### Crawled caption data
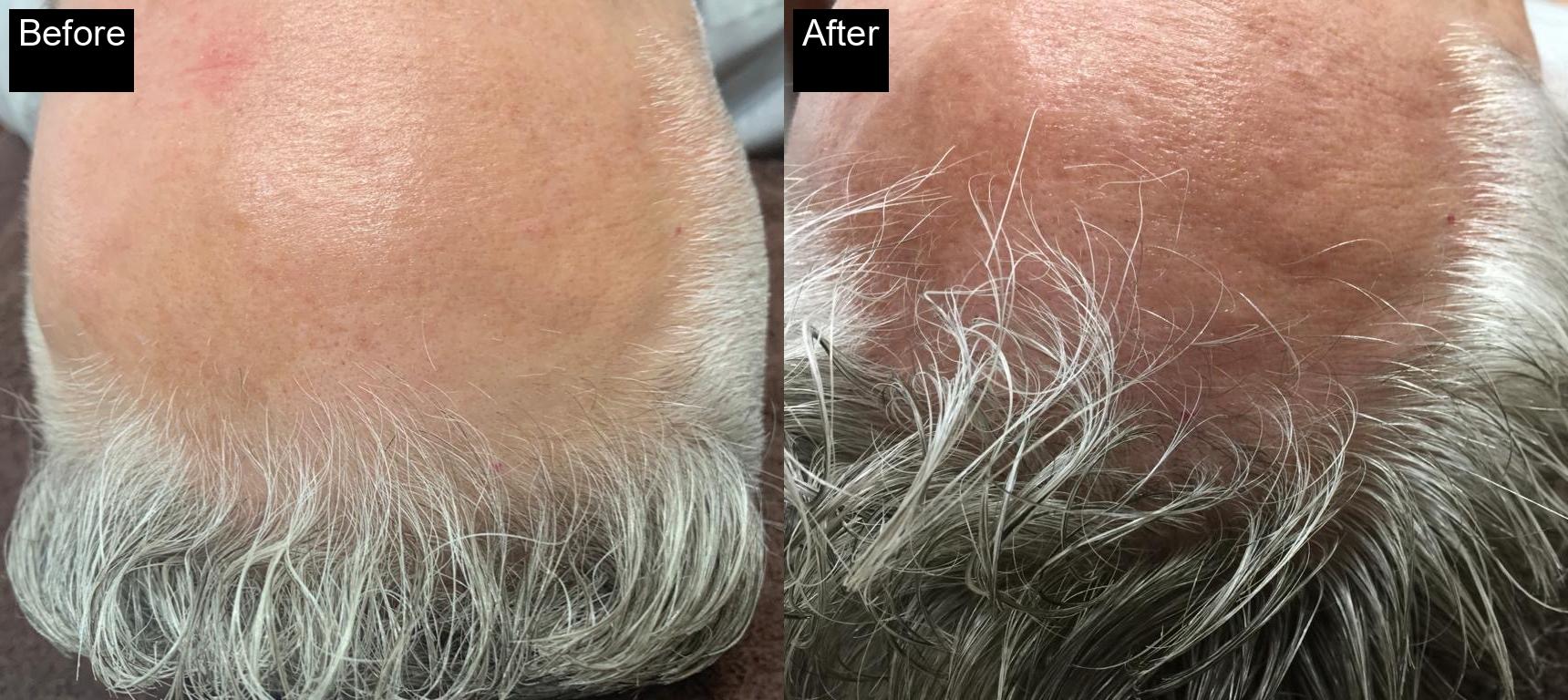 Before / After : Mesotherapy & Microneedling in Javea – Advanced Anti-Aging Treatments -4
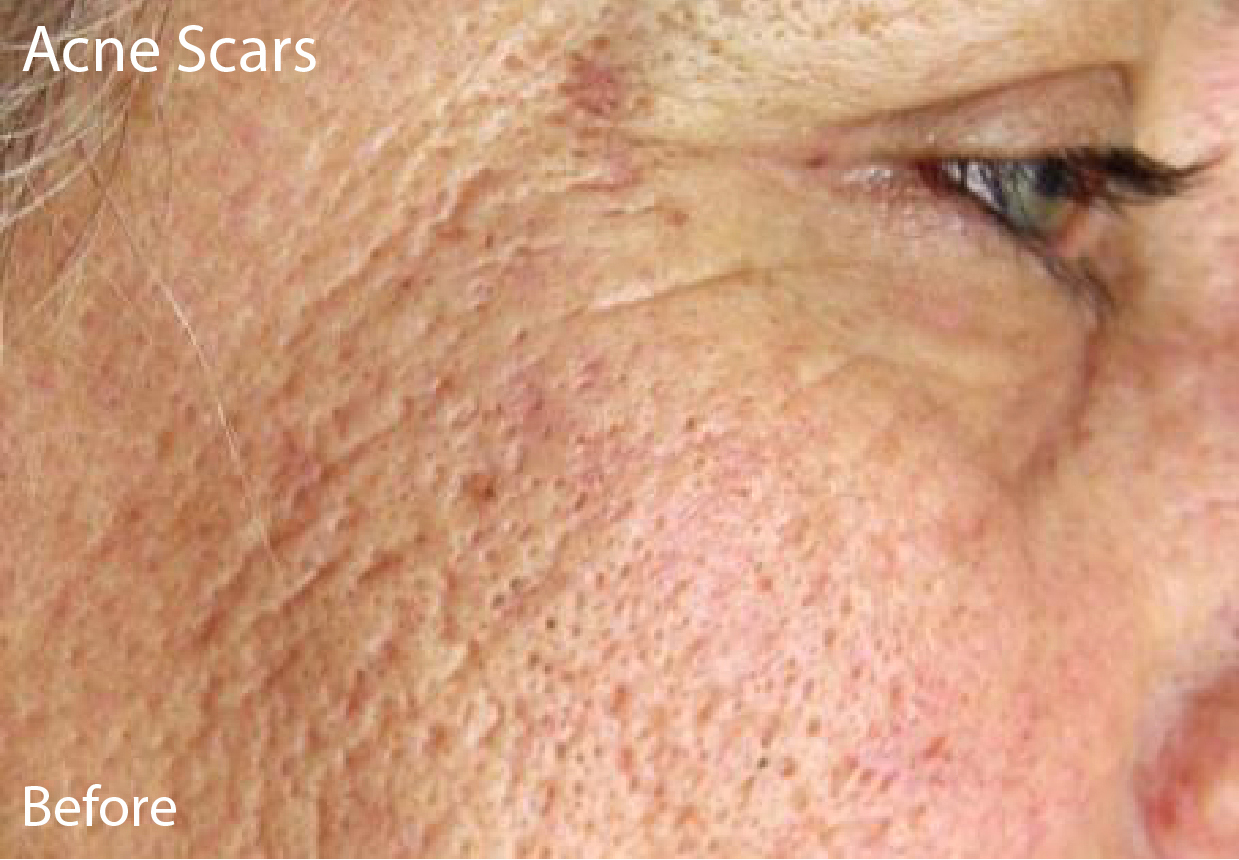 Fractional Laser Resurfacing Austin TX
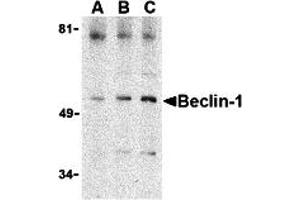 Western Blotting (WB) image for anti-Beclin 1, Autophagy Related (BECN1) (C-Term) antibody (ABIN1030289) (Beclin 1 Antikörper  (C-Term))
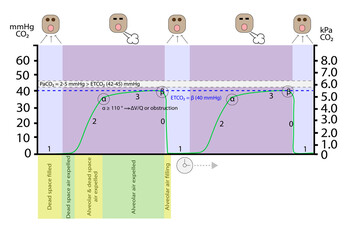 Capnography Waveform Detailed Infographic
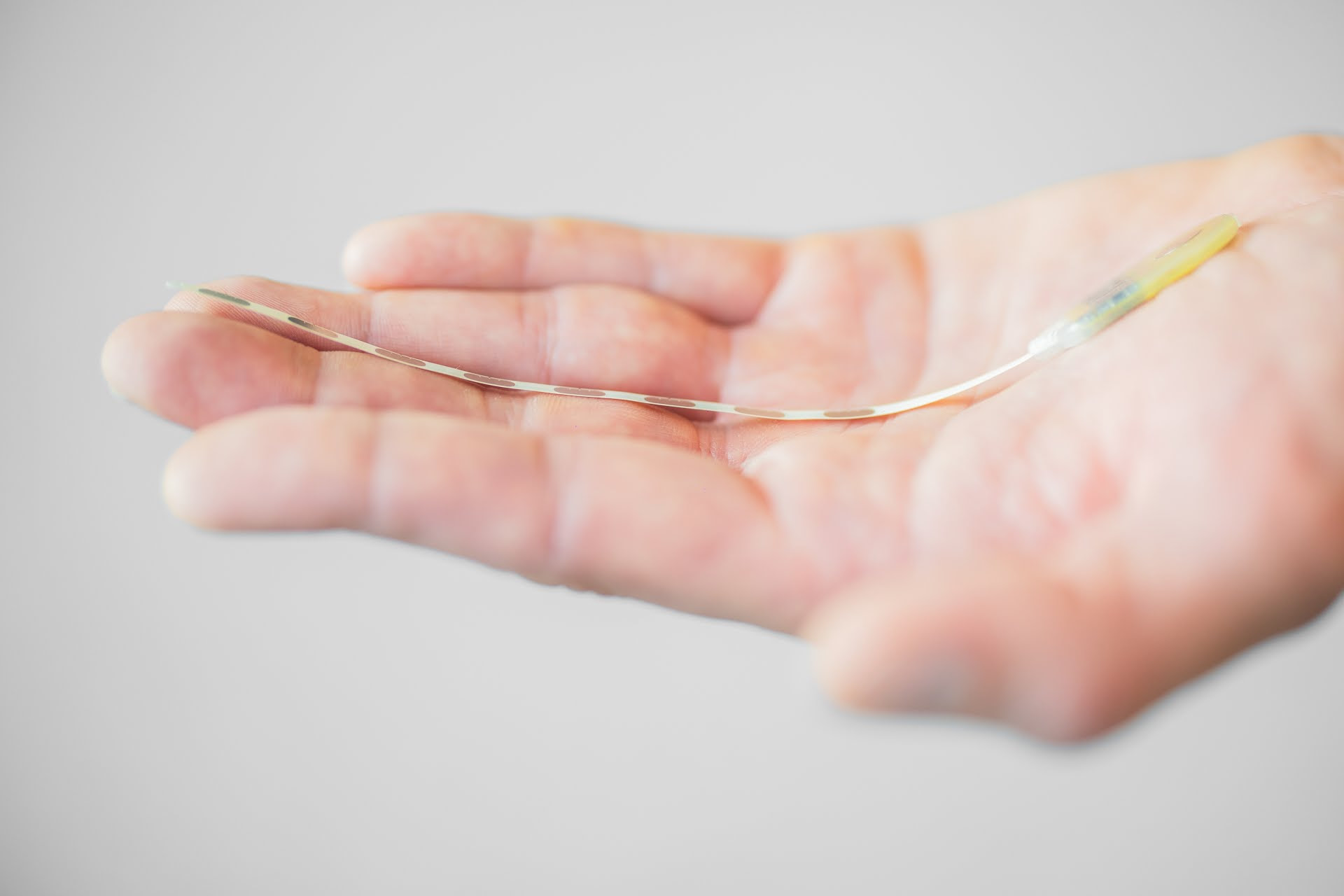 Implants for migraine prevention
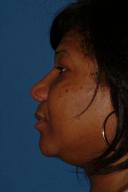 rhinoplasty-germantown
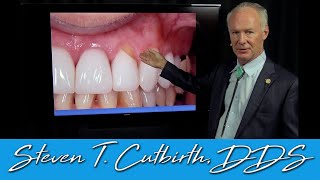 Abfraction on Tooth Colored Restorations  Dental Minute with Steven T Cutbirth DDS [upl. by Emmie]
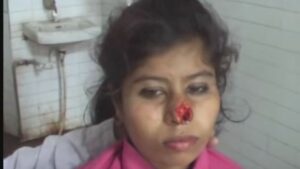 بالفيديو:يعض زوجته ويقطع أنفها لسبب غريب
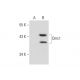 Dmc1 Antibody (2H12/4) - Western Blotting - Image 135141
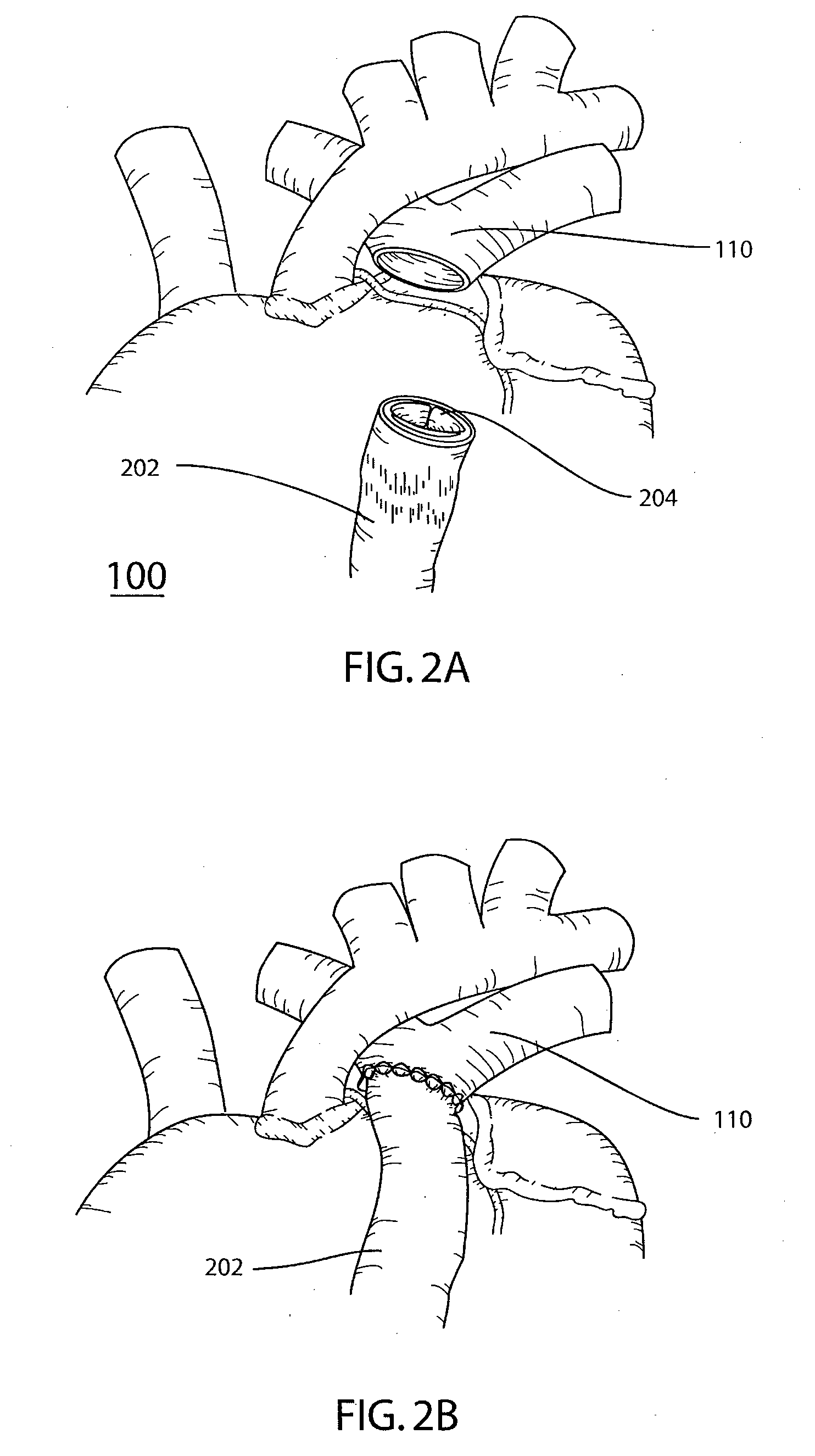 Stent Foundation for Placement of a Stented Valve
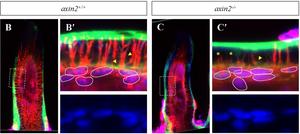 Axin2 deletion interrupts odontoblast differentiation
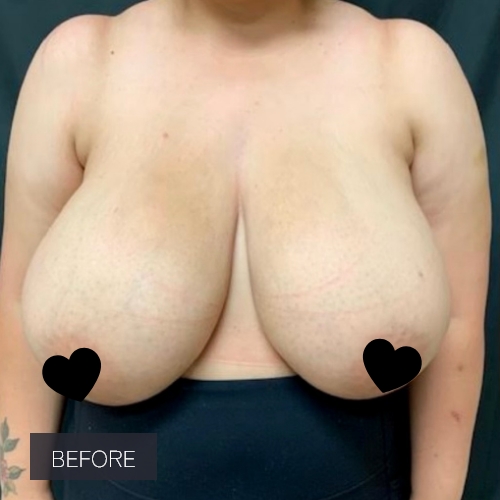 Procedure before and after - before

### Prompt
Transcribe exactly and only the lines from the top of the records through the line containing "بالفيديو:يعض زوجته ويقطع أنفها لسبب غريب", inclusive, and do not copy the pictures.

### Result of the exercise
 Before / After : Mesotherapy & Microneedling in Javea – Advanced Anti-Aging Treatments -4
 Fractional Laser Resurfacing Austin TX
 Western Blotting (WB) image for anti-Beclin 1, Autophagy Related (BECN1) (C-Term) antibody (ABIN1030289) (Beclin 1 Antikörper  (C-Term))
 Capnography Waveform Detailed Infographic
 Implants for migraine prevention
 rhinoplasty-germantown
 Abfraction on Tooth Colored Restorations  Dental Minute with Steven T Cutbirth DDS [upl. by Emmie]
 بالفيديو:يعض زوجته ويقطع أنفها لسبب غريب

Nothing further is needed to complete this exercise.